Another noticeable operator is ANY operator. It is internal operator that counts the number of record for each customerID. But because Stream Aggregate expects customerid to be aggregated or to be put in GROUP BY clause, so it requires ANY as internal aggregate operator, so the query :
SELECT COUNT(*), customerid
FROM customers
WHERE contactname = 'antonio moreno'
is not parsed by optimizer except you define GROUP BY for customerid.
As long as, you are aware that contactname could have more than one customerid, the following query is valid and it is considered valid to previous non correlated query :
SELECT
orderid
FROM orders JOIN customers
ON orders.customerid = customers.customerid
WHERE customers.contactname = 'Antonio Moreno'
Execution plan is :
|--Nested Loops(Inner Join, OUTER REFERENCES:([Northwind].[dbo].[Customers].[CustomerID]))
|--Clustered Index Scan(OBJECT:([Northwind].[dbo].[Customers].[PK_Customers]), WHERE:([Northwind].[dbo].[Customers].[ContactName]=N'Antonio Moreno'))
|--Index Seek(OBJECT:([Northwind].[dbo].[Orders].[CustomerID]), SEEK:([Northwind].[dbo].[Orders].[CustomerID]=[Northwind].[dbo].[Customers].[CustomerID]) ORDERED FORWARD)

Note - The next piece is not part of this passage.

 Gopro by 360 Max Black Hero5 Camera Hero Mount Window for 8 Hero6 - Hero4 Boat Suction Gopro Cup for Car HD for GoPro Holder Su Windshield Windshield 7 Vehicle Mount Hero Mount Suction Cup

This execution plan is simpler than previous one.
Now create unique index on contactname column at customers table and execute previous non correlated subquery, the execution plan is :
|--Nested Loops(Inner Join, OUTER REFERENCES:([Northwind].[dbo].[Customers].[CustomerID]))

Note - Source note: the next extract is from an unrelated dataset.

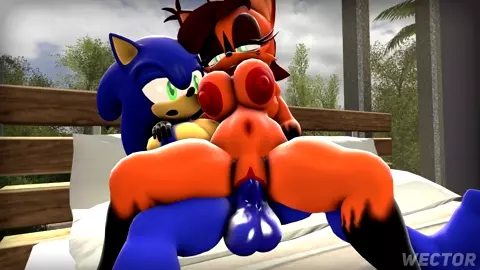 Nicole Riding Sonic [wector]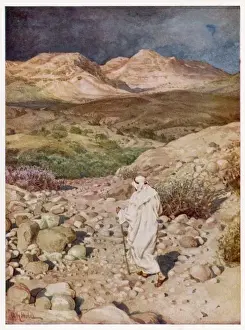 Jesus in Wilderness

|--Index Seek(OBJECT:([Northwind].[dbo].[Customers].[ix_1]), SEEK:([Northwind].[dbo].[Customers].[ContactName]=N'Antonio Moreno') ORDERED FORWARD)
|--Index Seek(OBJECT:([Northwind].[dbo].[Orders].[CustomerID]), SEEK:([Northwind].[dbo].[Orders].[CustomerID]=[Northwind].[dbo].[Customers].[CustomerID]) ORDERED FORWARD)
For this case, proper index selection will remove some operator and execution plan will be simpler and more efficient because I tell optimizer that there is only one contactname for each customerid, so optimizer decides to choose index seek to get customer record with contactName = ‘Antonio Moreno’ and optimizer stops searching to other customerid with same contactName.